Louis XVI veut aller aussi loin que possible dans les attaches entre les juifs et le sol de France : c'est pourquoi son gouvernement leur propose encore la culture des terres.

On a toujours reproché aux enfants d'Israël de ne pas aimer la culture. De fait, il faut convenir que tout ce qui tient à l'économie rurale est actuellement aussi étranger à leur goût qu'à leur connaissance. Et cela peut paraître d'autant plus étrange que nul peuple ne s'adonna plus aux travaux des champs que les anciens Israélites en Palestine. Le peuple hébreu était essentiellement agricole (8). Dans sa partie économique, la Loi de Moïse est un livre d'agriculture, nullement un code commercial (9). D'où vient donc que depuis leur dispersion les juifs se soient montrés si peu cultivateurs ?

Hélas ils se trouvaient sans cesse sous le coup du renvoi et de la dépossession, jamais sûrs d'habiter, le lendemain, le sol où ils étaient tolérés. Or on ne cultive guère avec goût un sol incertain, inhospitalier. Cette situation précaire leur faisait préférer de beaucoup l'état commercial, où les bénéfices étaient bien plus sûrs, que les fruits de la terre, qui pouvaient mûrir par leurs mains, mais pas pour eux Ensuite, le sol appartenait aux enfants de la famille, aux chrétiens, et, de leur côté, les juifs étaient trop fiers pour cultiver en mercenaires, en serfs, un sol sur lequel ils n'avaient aucun droit. Enfin, il faut bien le reconnaître, et cela fait honneur à la nature humaine, l'exilé est mauvais cultivateur. On ne remue avec affection que le sol d'une patrie. Il est pénible, surtout quand on est enfant d'Israël, de cultiver un sol qui ne s'appelle plus la Terre promise. Depuis la perte de sa terre chérie, le peuple hébreu n'a plus eu de goût à la culture d'aucune terre. Et de même qu'aux bords des fleuves de Babylone, les mains de ses filles s'étaient refusées à détacher les harpes suspendues aux saules et demeurées obstinément silencieuses ; de même, depuis dix-neuf siècles, les mains de ses fils se sont refusées à manier, sur la terre étrangère, des instruments aratoires.
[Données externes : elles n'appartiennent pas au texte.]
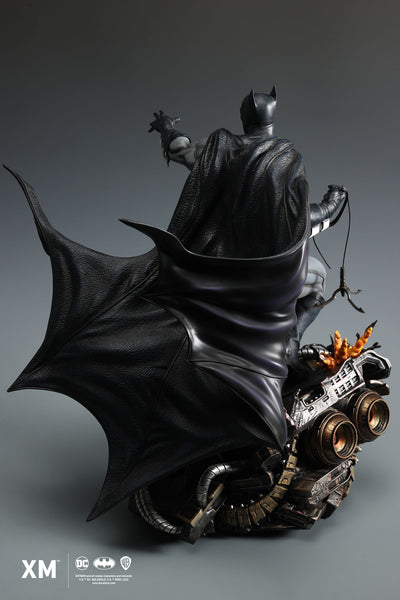 Batman Classic 1/4 Scale Statue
Qui voudrait blâmer ce regret du sol de la patrie ?...

Telles sont, du côté des israélites, les raisons qui les ont éloignés de la culture des terres.
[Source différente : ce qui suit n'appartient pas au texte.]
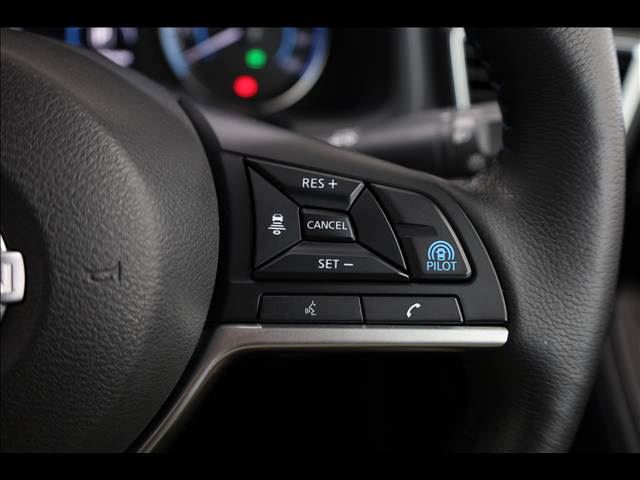 صورة 7 لـ 2022 Nissan LEAF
Il y en a eu aussi du côté des chrétiens.

Le mémoire secret lu devant Louis XVI reconnaît que « si les juifs ne sont pas propres à l'agriculture, c'est parce qu'on leur a toujours interdit la faculté de s'y livrer. Peut-être que, si elle leur était rendue, ils acquerraient à cet égard l'aptitude qui leur manque (10). » Dans les siècles du moyen âge ou de la foi sans mélange, mais aussi quelquefois rude et âpre, il semble qu'on eût mangé avec répugnance un blé qui eût été semé de la main des juifs, des fruits qui eussent été soignés et récoltés par des doigts de mécréants !

Louis XVI, qui voulait être père le plus possible, se proposa donc d'apporter un terme à ces mutuelles et séculaires répugnances. D'une part, en père soigneux dc ses enfants chrétiens, il sauvegardait leur héritage en interdisant aux juifs, comme nous l'avons vu, la possession du sol, le droit d'être acquéreurs de la terre. Mais d'autre part, en admettant les juifs à la culture des terres, en leur faisant partager les bienfaits et les douceurs de l'agriculture, il se flatta de fixer les pauvres vagabonds, d'adoucir leurs maux, d'en faire presque des enfants ! Il y eut donc dans les Lettres patentes cet article :


Art. VIII. - Permettons aux juifs de prendre des fermes à bail, à condition qu'ils demeureront dans lesdites fermes et qu'ils les exploiteront eux-mêmes. Les autorisons à aussi à louer, mais pour les cultiver également eux-mêmes, des vignes, des terres, et généralement toute autre espèce dc fonds...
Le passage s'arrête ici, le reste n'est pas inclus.